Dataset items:
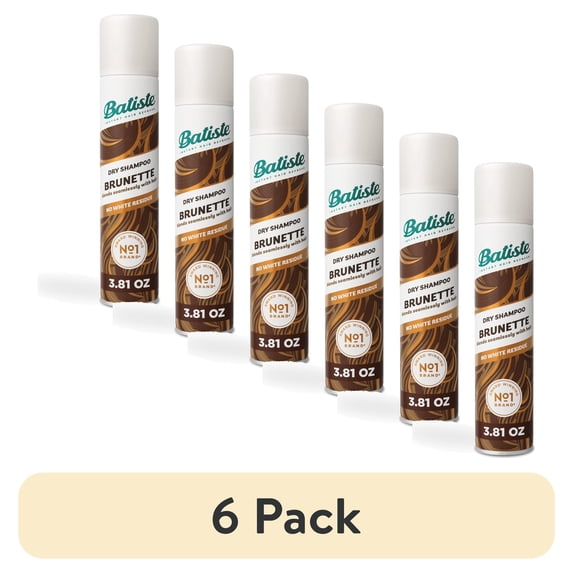 (6 pack) Batiste Dry Shampoo for Brunette Hair, Refresh Hair Between Washes, Adds Texture and Body, 3.81 oz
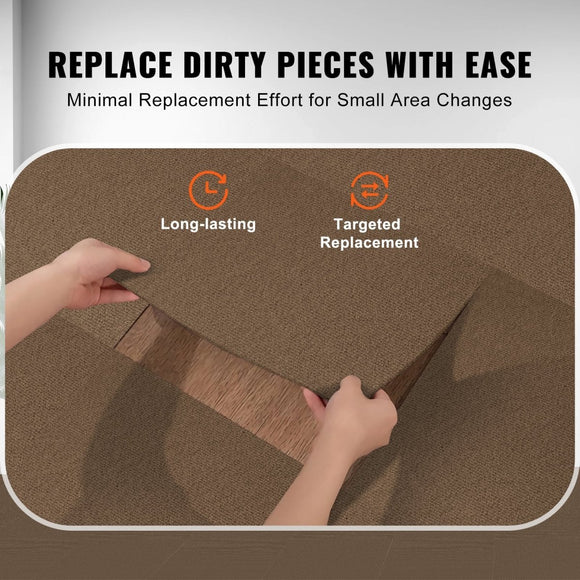 VEVOR Carpet Tiles Peel and Stick, Squares Self Adhesive Carpet Floor Tile, Soft Padded Carpet Tiles, Easy Install DIY for Bedroom Living Room Indoor Outdoor (10 Tiles, Dark Brown) - RnR Galore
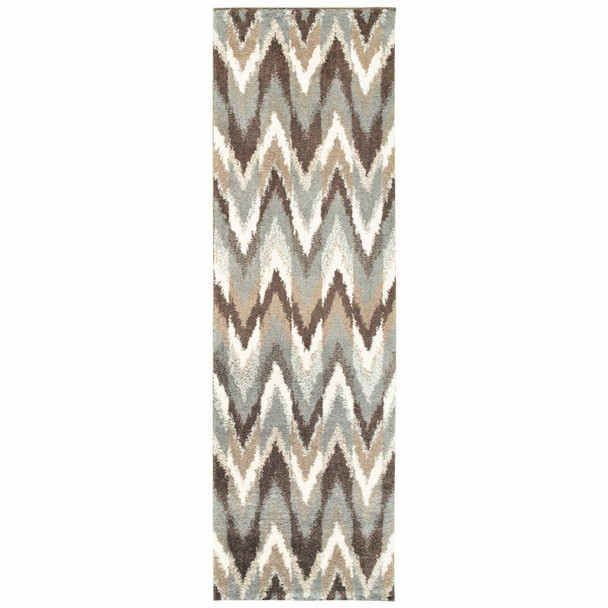 2x8 Gray and Taupe Ikat Pattern Runner Rug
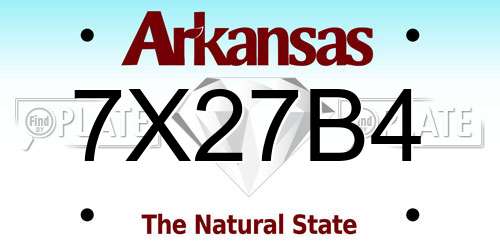7X27B4 Arkansas License Plate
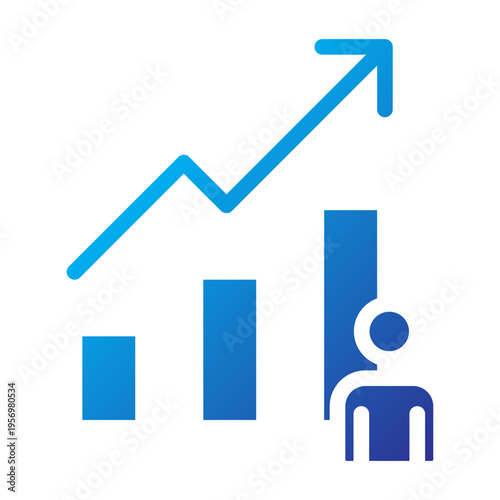 Solid Gradient Icon of a bar chart with an upward arrow and a person representing professional growth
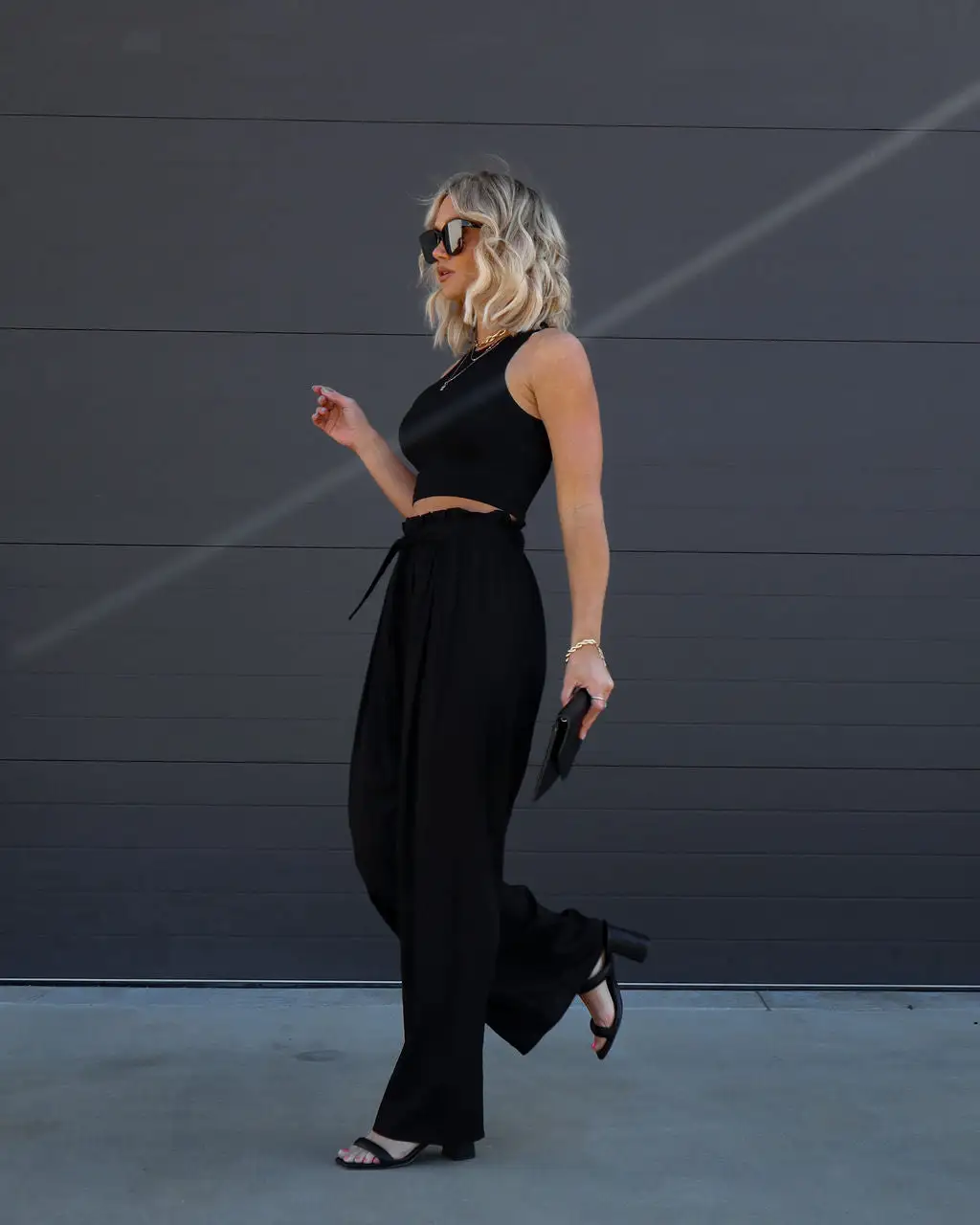 AAKA-001 Del Ray Waist Tie Wide Leg Pants - Black - SALE 6 AAKA-001 Del Ray Waist Tie Wide Leg Pants - Black - SALE - Image 6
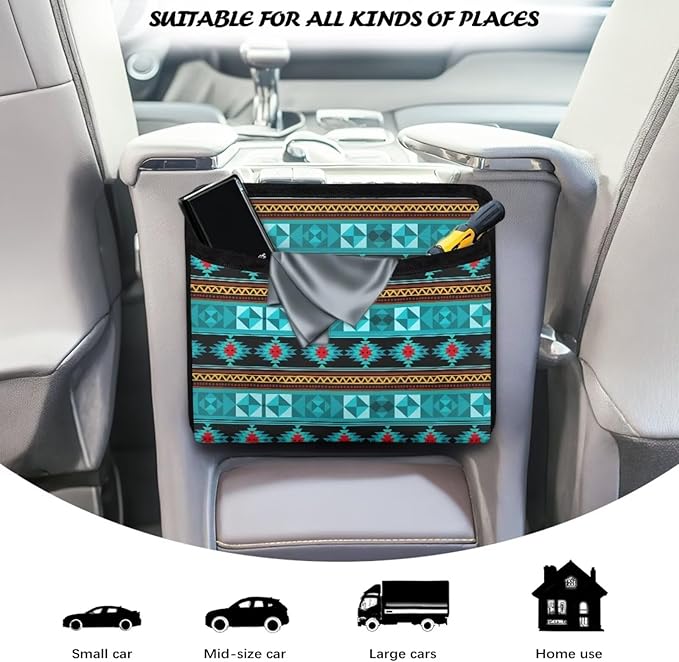 Fashion Aztec Car Seat Side Pocket Organizer Cell Phone Holder Storage Bag Pouch for Wallet Keys Document Auto Console Door Rear Seat Storage Box Automotive Interior Accessories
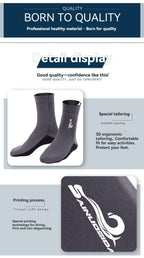 unisex diving socks, 3MM neoprene socks, mid-calf diving socks, hook-and-loop diving socks, water sports socks, diving snorkeling socks, beach volleyball socks, Australia diving gear, neoprene socks for men and women - Gray - Size S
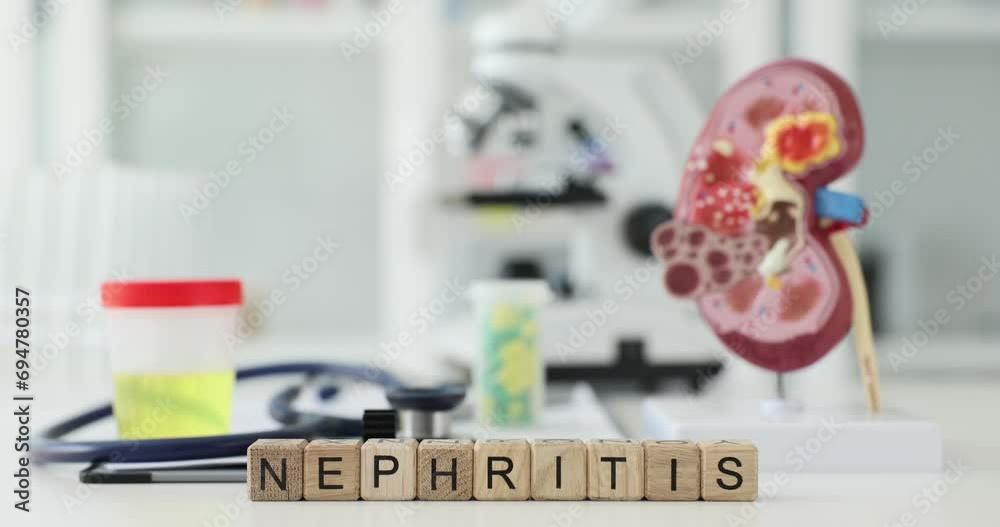 Nephritis inscription on wooden cubes on the table in the clinic, close-up. Kidney disease, diagnostics Nephritis inscription on wooden cubes on the table in the clinic, close-up. Kidney disease, diagnostics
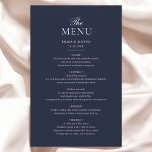 Menu de Casamento Minimalista Elegante Azul-marinh<br><div class="desc">Melhore sua recepção de casamento com nosso sofisticado Cartão de Menu Azul de Casamento do Marinho. Criado com fonte serif de eterno, este menu elegante mostra cada curso delicioso, fornecendo uma busca refinada e polida pelas configurações de mesa. A cor azul-marinho profunda adiciona um toque de luxo e combina lindamente...</div>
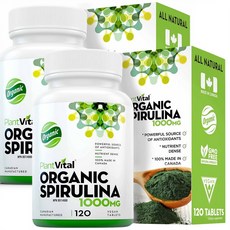 유기농 스피루리나 강력한 항상화제 오가닉 슈퍼푸드 1통120정 캐나다내수용, 2개, 120정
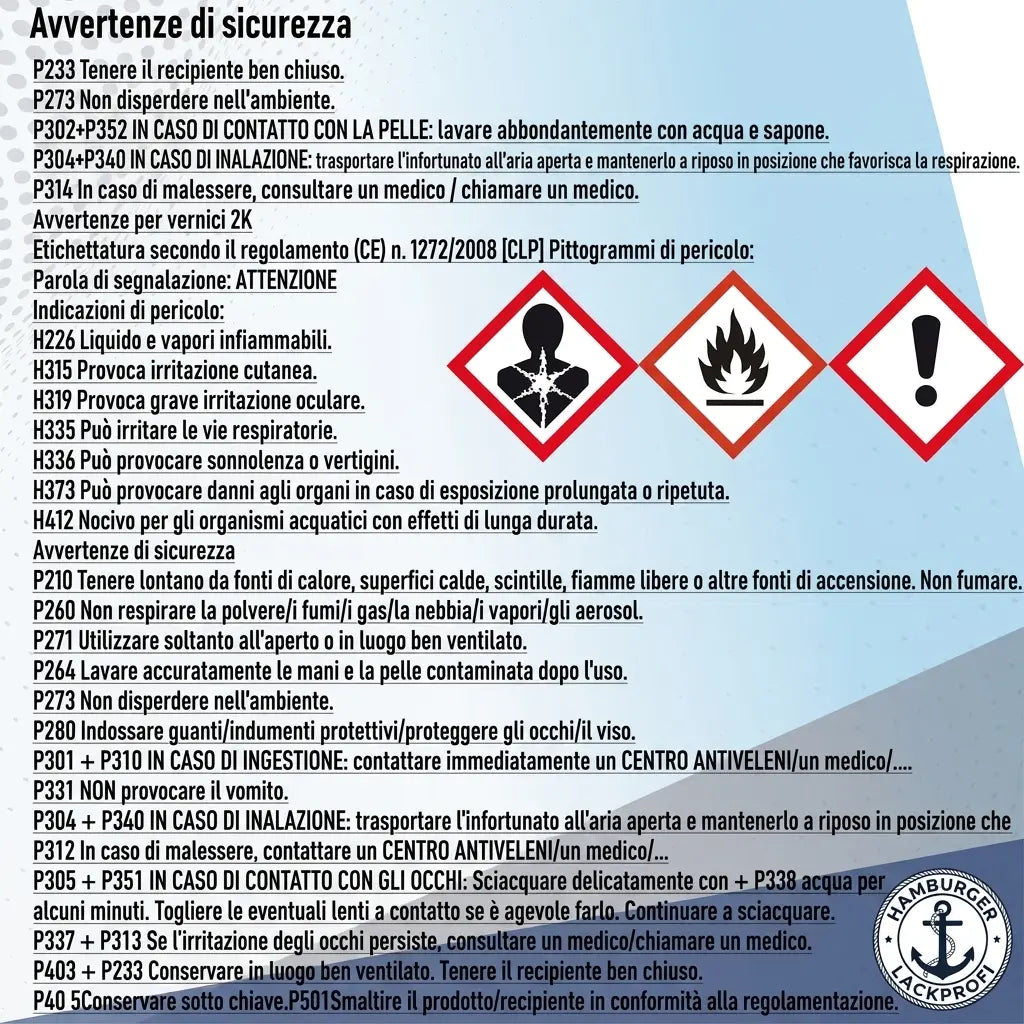 Istruzioni di sicurezza dettagliate e simboli di pericolo CLP per prodotti chimici.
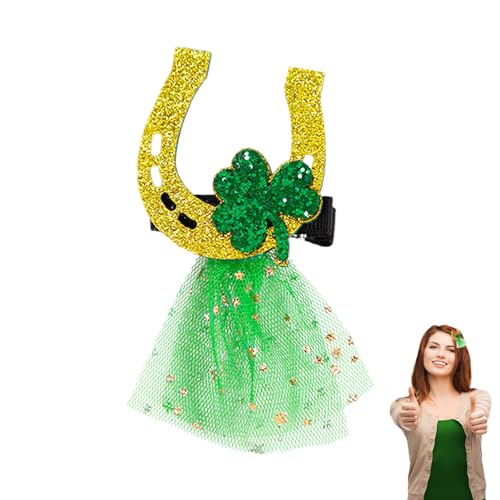 St. Patricks Day Haarnadel für Frauen, St. Patricks Day Haarspange | Kleeblatt-Haarnadel-Haarspangen | Glitzer-Haarnadeln, Haar-Accessoires, grüne Zwerg-Zylinder-Haarspangen für den irischen Suphyee von Suphyee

- Your objective -
Could you repeat every record exactly as written, with the pictures left out?

- Output below -
 (6 pack) Batiste Dry Shampoo for Brunette Hair, Refresh Hair Between Washes, Adds Texture and Body, 3.81 oz
 VEVOR Carpet Tiles Peel and Stick, Squares Self Adhesive Carpet Floor Tile, Soft Padded Carpet Tiles, Easy Install DIY for Bedroom Living Room Indoor Outdoor (10 Tiles, Dark Brown) - RnR Galore
 2x8 Gray and Taupe Ikat Pattern Runner Rug
7X27B4 Arkansas License Plate
 Solid Gradient Icon of a bar chart with an upward arrow and a person representing professional growth
 AAKA-001 Del Ray Waist Tie Wide Leg Pants - Black - SALE 6 AAKA-001 Del Ray Waist Tie Wide Leg Pants - Black - SALE - Image 6
 Fashion Aztec Car Seat Side Pocket Organizer Cell Phone Holder Storage Bag Pouch for Wallet Keys Document Auto Console Door Rear Seat Storage Box Automotive Interior Accessories
 unisex diving socks, 3MM neoprene socks, mid-calf diving socks, hook-and-loop diving socks, water sports socks, diving snorkeling socks, beach volleyball socks, Australia diving gear, neoprene socks for men and women - Gray - Size S
 Nephritis inscription on wooden cubes on the table in the clinic, close-up. Kidney disease, diagnostics Nephritis inscription on wooden cubes on the table in the clinic, close-up. Kidney disease, diagnostics
 Menu de Casamento Minimalista Elegante Azul-marinh<br><div class="desc">Melhore sua recepção de casamento com nosso sofisticado Cartão de Menu Azul de Casamento do Marinho. Criado com fonte serif de eterno, este menu elegante mostra cada curso delicioso, fornecendo uma busca refinada e polida pelas configurações de mesa. A cor azul-marinho profunda adiciona um toque de luxo e combina lindamente...</div>
 유기농 스피루리나 강력한 항상화제 오가닉 슈퍼푸드 1통120정 캐나다내수용, 2개, 120정
 Istruzioni di sicurezza dettagliate e simboli di pericolo CLP per prodotti chimici.
 St. Patricks Day Haarnadel für Frauen, St. Patricks Day Haarspange | Kleeblatt-Haarnadel-Haarspangen | Glitzer-Haarnadeln, Haar-Accessoires, grüne Zwerg-Zylinder-Haarspangen für den irischen Suphyee von Suphyee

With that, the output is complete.